The task: Two lines mark the range in the entries below: the one holding "Blue Obsidian™ Laundry" and the one holding "оранжевый 15-252103-5 Комплект для мальчика, 2-5 лет, оранжевый". Set down those two and all lines between them, exactly.
BEGIN Data in this exercise
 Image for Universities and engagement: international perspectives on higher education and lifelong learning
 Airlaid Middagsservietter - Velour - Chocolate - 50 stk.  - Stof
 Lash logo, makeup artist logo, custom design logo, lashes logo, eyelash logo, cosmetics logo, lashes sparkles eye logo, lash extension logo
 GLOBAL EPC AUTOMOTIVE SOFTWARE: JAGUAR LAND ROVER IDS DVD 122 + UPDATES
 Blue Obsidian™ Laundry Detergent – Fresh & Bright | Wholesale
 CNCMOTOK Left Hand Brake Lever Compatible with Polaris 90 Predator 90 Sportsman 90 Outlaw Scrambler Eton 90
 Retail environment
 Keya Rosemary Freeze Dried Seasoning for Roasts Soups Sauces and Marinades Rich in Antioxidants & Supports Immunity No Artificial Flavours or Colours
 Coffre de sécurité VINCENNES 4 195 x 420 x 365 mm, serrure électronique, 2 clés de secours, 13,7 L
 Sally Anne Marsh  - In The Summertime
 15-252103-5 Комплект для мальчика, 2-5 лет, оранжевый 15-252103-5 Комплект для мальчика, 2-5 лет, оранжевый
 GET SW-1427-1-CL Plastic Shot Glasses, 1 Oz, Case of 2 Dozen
END Data in this exercise
BEGIN Data in this exercise
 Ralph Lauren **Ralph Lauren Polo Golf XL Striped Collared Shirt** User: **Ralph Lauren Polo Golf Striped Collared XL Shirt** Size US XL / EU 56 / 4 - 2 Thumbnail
END Data in this exercise
BEGIN Data in this exercise
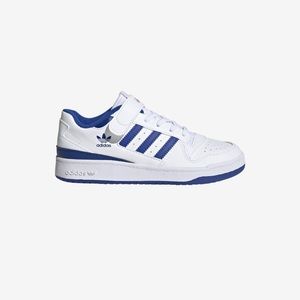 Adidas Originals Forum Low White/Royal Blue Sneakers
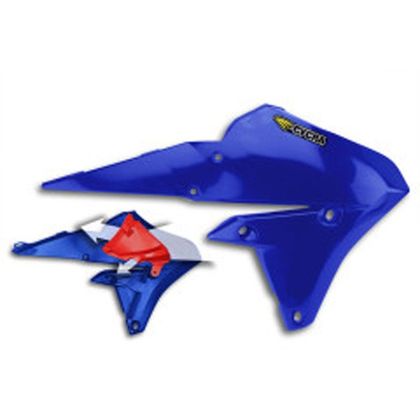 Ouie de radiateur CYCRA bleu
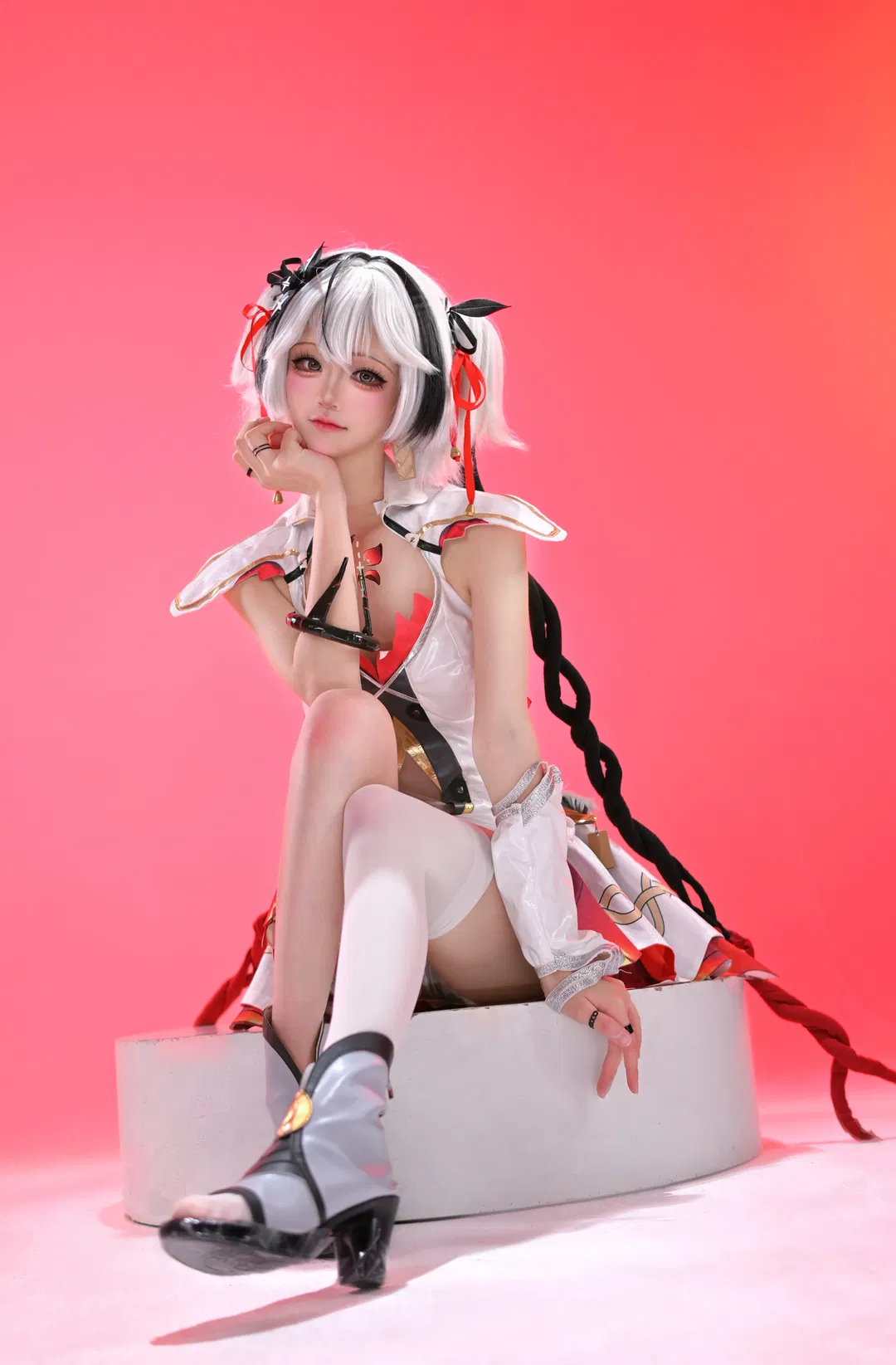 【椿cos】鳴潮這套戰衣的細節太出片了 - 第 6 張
END Data in this exercise
Task result:
 Blue Obsidian™ Laundry Detergent – Fresh & Bright | Wholesale
 CNCMOTOK Left Hand Brake Lever Compatible with Polaris 90 Predator 90 Sportsman 90 Outlaw Scrambler Eton 90
 Retail environment
 Keya Rosemary Freeze Dried Seasoning for Roasts Soups Sauces and Marinades Rich in Antioxidants & Supports Immunity No Artificial Flavours or Colours
 Coffre de sécurité VINCENNES 4 195 x 420 x 365 mm, serrure électronique, 2 clés de secours, 13,7 L
 Sally Anne Marsh  - In The Summertime
 15-252103-5 Комплект для мальчика, 2-5 лет, оранжевый 15-252103-5 Комплект для мальчика, 2-5 лет, оранжевый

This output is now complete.